→ **Task requirements**: Retype exactly every line from the one that includes "Aurora X-Large Green" through the final line of the listing, both ends kept, and omit the pictures.

→ **Supplied entries**:
>>>>
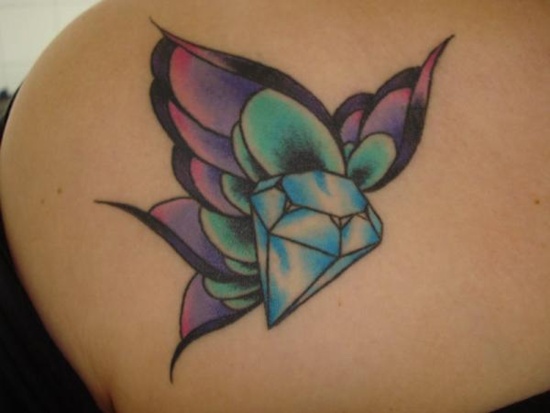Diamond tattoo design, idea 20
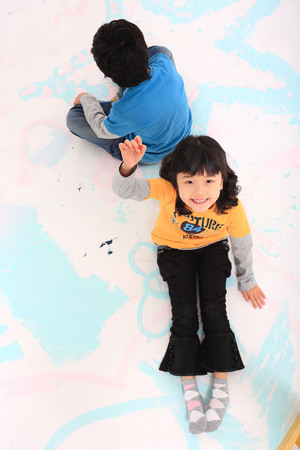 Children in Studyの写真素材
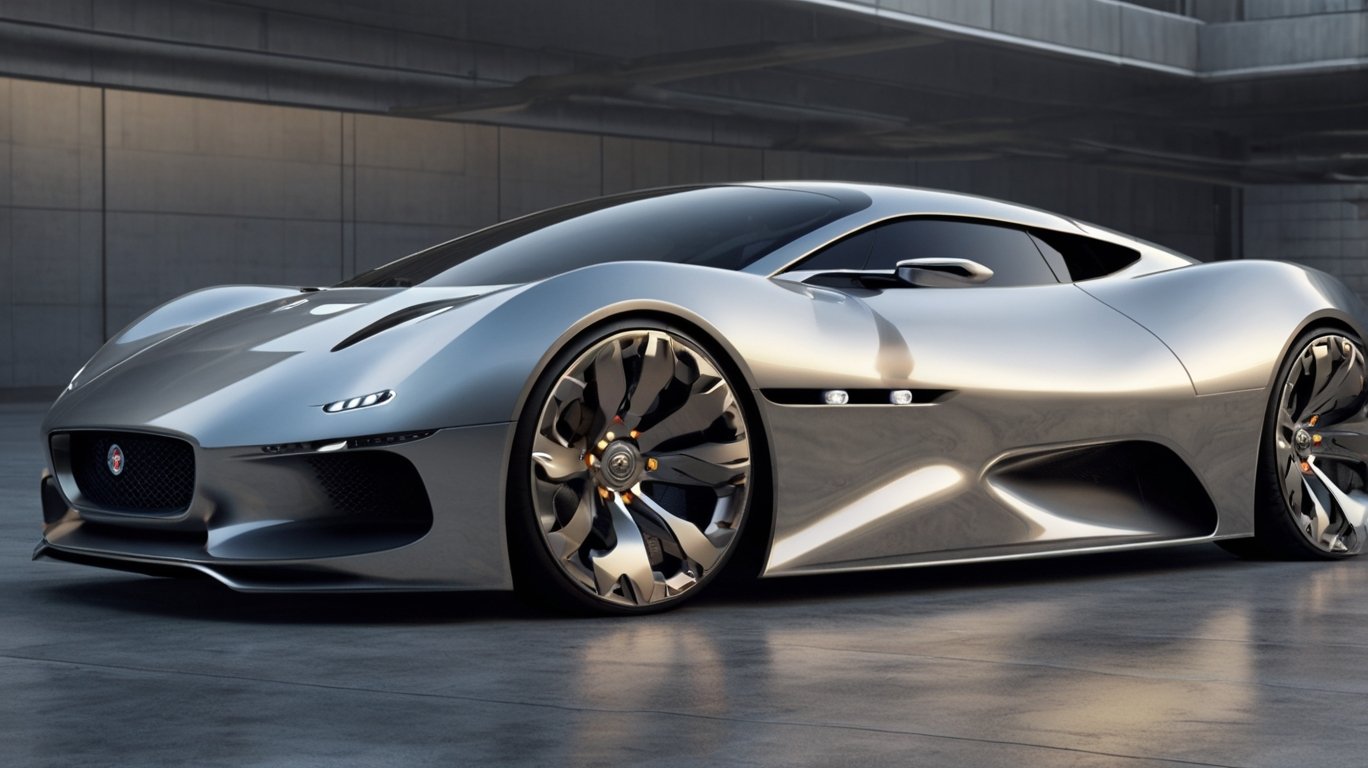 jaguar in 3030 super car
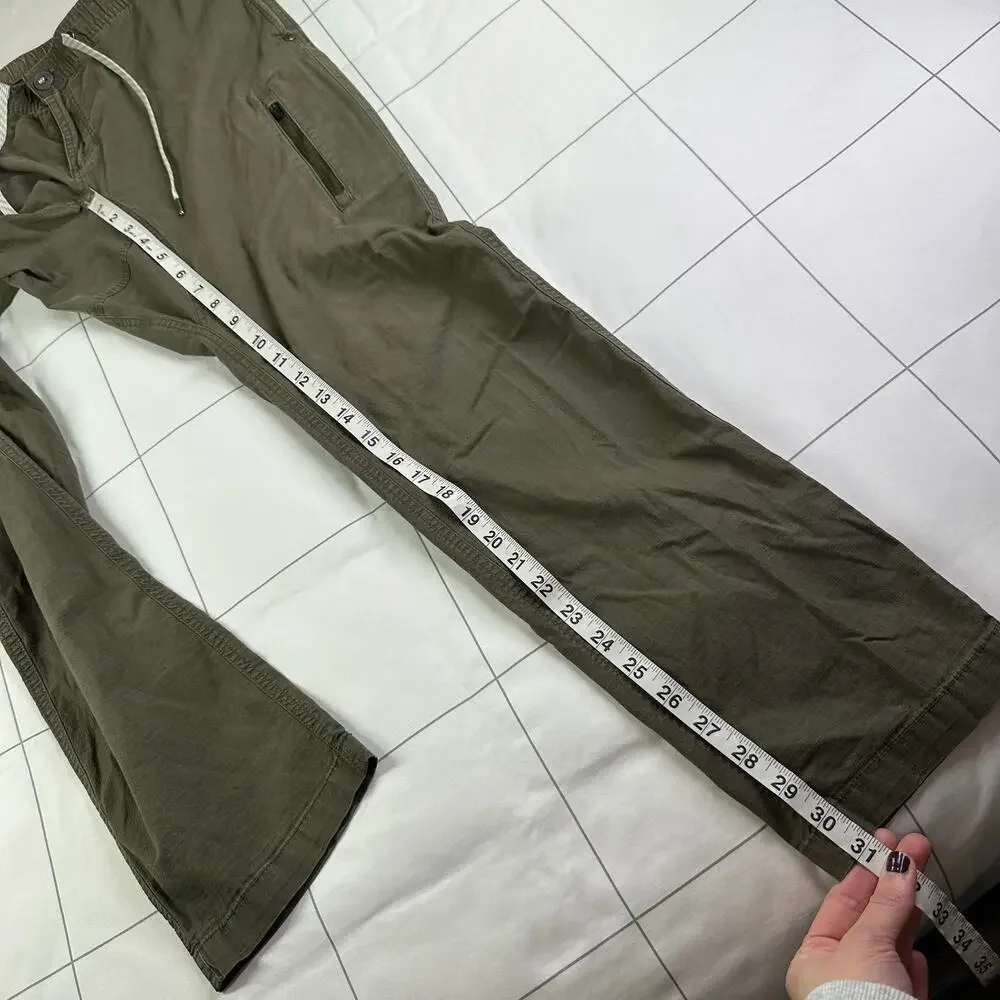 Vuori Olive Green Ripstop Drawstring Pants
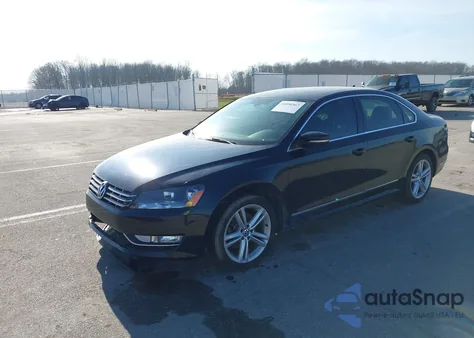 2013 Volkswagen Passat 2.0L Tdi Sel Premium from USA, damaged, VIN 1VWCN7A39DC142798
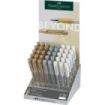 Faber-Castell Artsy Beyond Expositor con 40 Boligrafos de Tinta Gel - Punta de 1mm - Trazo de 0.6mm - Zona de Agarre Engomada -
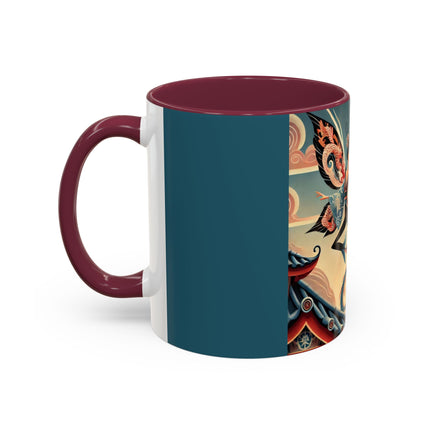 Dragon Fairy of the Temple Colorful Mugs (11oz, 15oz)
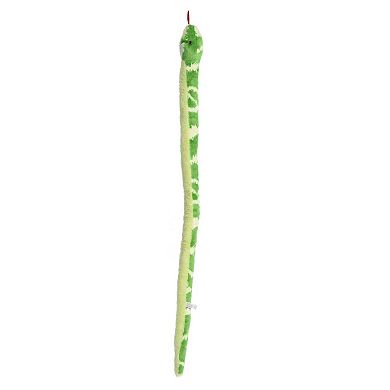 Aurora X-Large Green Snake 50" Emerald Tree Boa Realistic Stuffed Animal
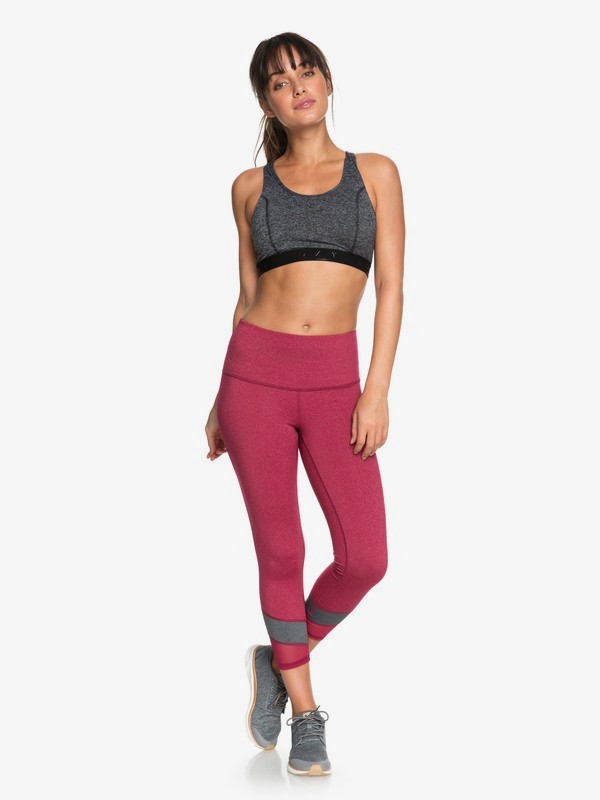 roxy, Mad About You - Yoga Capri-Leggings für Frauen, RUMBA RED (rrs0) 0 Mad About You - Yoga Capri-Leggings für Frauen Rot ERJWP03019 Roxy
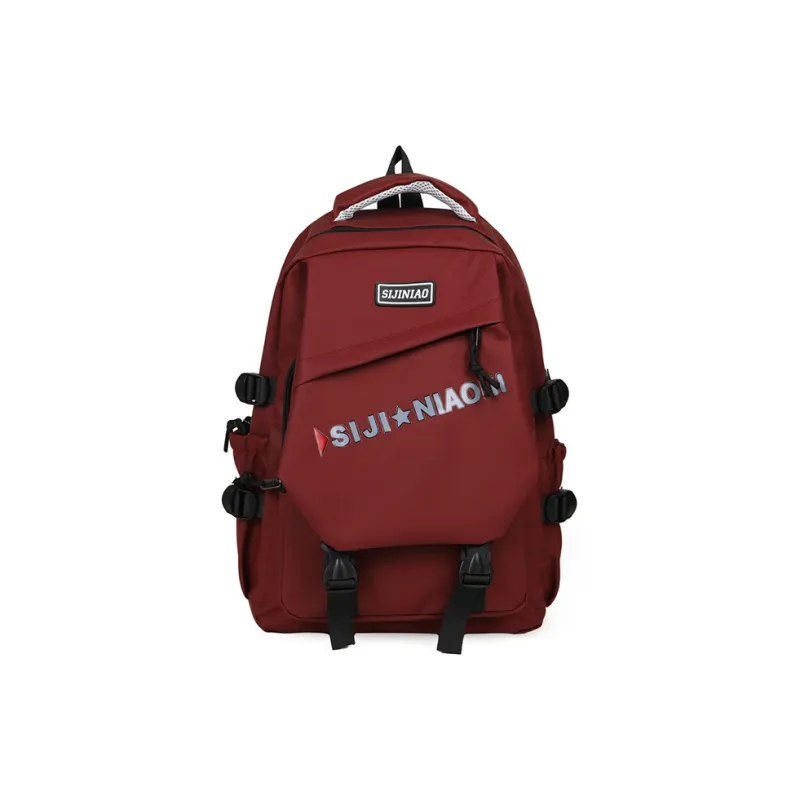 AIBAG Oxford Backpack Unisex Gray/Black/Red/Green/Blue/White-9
<<<<
→ **Result of this task**:
 Aurora X-Large Green Snake 50" Emerald Tree Boa Realistic Stuffed Animal
 roxy, Mad About You - Yoga Capri-Leggings für Frauen, RUMBA RED (rrs0) 0 Mad About You - Yoga Capri-Leggings für Frauen Rot ERJWP03019 Roxy
 AIBAG Oxford Backpack Unisex Gray/Black/Red/Green/Blue/White-9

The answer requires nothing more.